■ **What is being asked**: Your job is to report every line of the entries that has "porch".
=======
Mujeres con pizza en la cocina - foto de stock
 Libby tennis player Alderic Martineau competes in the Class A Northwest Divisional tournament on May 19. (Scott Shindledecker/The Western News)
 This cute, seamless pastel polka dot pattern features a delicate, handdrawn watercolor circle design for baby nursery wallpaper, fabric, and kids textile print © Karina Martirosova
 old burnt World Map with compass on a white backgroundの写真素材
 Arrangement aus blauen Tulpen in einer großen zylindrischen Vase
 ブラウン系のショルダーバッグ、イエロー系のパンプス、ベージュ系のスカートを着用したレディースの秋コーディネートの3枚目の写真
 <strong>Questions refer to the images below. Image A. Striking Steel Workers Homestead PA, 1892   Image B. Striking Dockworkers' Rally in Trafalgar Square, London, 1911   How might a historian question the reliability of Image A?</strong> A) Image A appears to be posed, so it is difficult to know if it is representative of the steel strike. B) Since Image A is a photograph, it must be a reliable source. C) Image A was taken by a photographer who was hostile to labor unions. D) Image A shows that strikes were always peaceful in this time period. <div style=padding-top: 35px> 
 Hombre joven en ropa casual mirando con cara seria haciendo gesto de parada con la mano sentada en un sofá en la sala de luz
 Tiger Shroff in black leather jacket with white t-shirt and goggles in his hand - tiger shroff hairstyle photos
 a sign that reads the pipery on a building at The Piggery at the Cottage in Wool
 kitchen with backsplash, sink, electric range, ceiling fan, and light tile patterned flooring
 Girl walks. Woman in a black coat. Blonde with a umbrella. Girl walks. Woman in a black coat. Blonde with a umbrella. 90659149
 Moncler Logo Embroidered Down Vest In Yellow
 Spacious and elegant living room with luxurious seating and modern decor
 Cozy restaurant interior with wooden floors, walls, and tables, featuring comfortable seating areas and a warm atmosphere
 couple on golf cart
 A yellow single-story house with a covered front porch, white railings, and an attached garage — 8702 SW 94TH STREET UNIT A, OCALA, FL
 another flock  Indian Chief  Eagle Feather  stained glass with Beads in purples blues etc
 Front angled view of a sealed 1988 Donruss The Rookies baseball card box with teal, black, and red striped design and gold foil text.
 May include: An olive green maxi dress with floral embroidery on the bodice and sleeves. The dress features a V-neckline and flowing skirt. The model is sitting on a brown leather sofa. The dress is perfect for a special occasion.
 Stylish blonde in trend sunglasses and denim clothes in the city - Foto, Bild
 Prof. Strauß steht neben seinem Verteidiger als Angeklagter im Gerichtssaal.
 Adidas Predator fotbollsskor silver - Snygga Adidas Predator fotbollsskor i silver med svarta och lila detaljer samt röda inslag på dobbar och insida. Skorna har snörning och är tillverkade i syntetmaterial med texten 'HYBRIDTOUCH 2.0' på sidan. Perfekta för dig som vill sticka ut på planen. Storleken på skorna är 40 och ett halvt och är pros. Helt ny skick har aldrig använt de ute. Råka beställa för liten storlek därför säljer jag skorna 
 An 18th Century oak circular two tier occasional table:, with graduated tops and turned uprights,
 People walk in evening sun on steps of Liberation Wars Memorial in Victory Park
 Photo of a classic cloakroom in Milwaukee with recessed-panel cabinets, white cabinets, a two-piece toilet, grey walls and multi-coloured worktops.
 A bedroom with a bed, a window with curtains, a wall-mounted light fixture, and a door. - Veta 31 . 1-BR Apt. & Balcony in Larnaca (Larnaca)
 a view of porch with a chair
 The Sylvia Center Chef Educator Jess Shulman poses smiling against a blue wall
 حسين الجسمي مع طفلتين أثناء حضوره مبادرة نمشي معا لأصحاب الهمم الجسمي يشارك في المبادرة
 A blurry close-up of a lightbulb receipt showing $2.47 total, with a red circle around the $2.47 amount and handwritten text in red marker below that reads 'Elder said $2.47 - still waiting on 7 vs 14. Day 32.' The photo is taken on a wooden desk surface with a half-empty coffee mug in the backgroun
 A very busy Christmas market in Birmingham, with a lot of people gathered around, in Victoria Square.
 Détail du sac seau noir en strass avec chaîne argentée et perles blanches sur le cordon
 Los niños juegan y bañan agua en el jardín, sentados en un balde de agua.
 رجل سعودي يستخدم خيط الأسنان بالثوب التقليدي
=======
■ **Solution to this task**:
 A yellow single-story house with a covered front porch, white railings, and an attached garage — 8702 SW 94TH STREET UNIT A, OCALA, FL
 a view of porch with a chair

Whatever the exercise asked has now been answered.